• _INPUT_
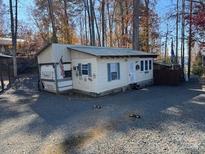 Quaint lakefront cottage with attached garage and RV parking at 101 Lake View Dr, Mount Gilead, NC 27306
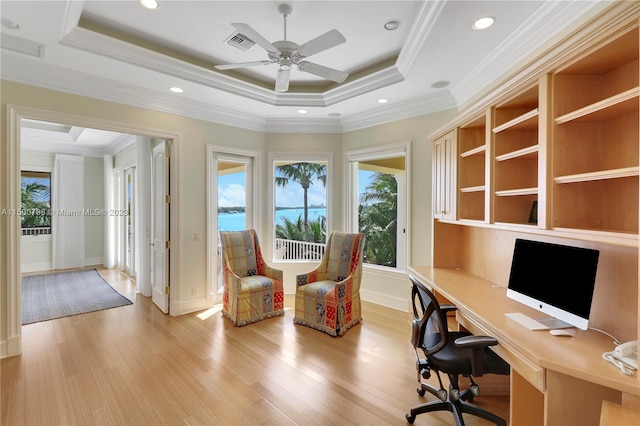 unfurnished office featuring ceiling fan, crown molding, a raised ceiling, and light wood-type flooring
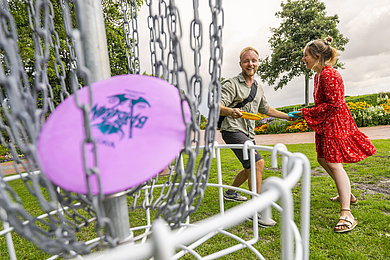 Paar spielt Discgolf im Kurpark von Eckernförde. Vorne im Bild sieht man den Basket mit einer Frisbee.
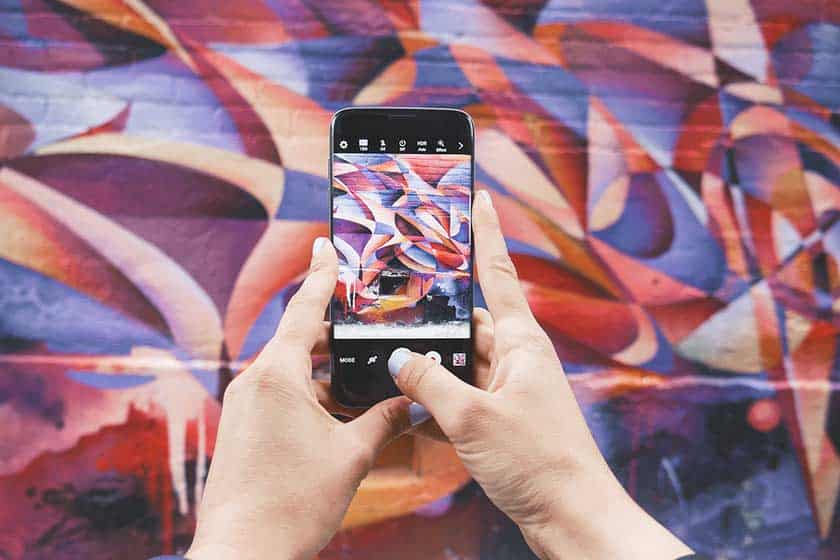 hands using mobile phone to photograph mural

--

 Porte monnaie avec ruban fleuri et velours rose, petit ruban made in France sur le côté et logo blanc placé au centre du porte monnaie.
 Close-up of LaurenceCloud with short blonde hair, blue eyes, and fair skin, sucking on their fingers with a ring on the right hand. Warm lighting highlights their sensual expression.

• _THE PROBLEM_
Everything above from the line containing "Quaint lakefront cottage" through the line containing "hands using mobile phone to photograph mural" must be repeated exactly, and the pictures must be left out.

• _YOUR SOLUTION_
 Quaint lakefront cottage with attached garage and RV parking at 101 Lake View Dr, Mount Gilead, NC 27306
 unfurnished office featuring ceiling fan, crown molding, a raised ceiling, and light wood-type flooring
 Paar spielt Discgolf im Kurpark von Eckernförde. Vorne im Bild sieht man den Basket mit einer Frisbee.
 hands using mobile phone to photograph mural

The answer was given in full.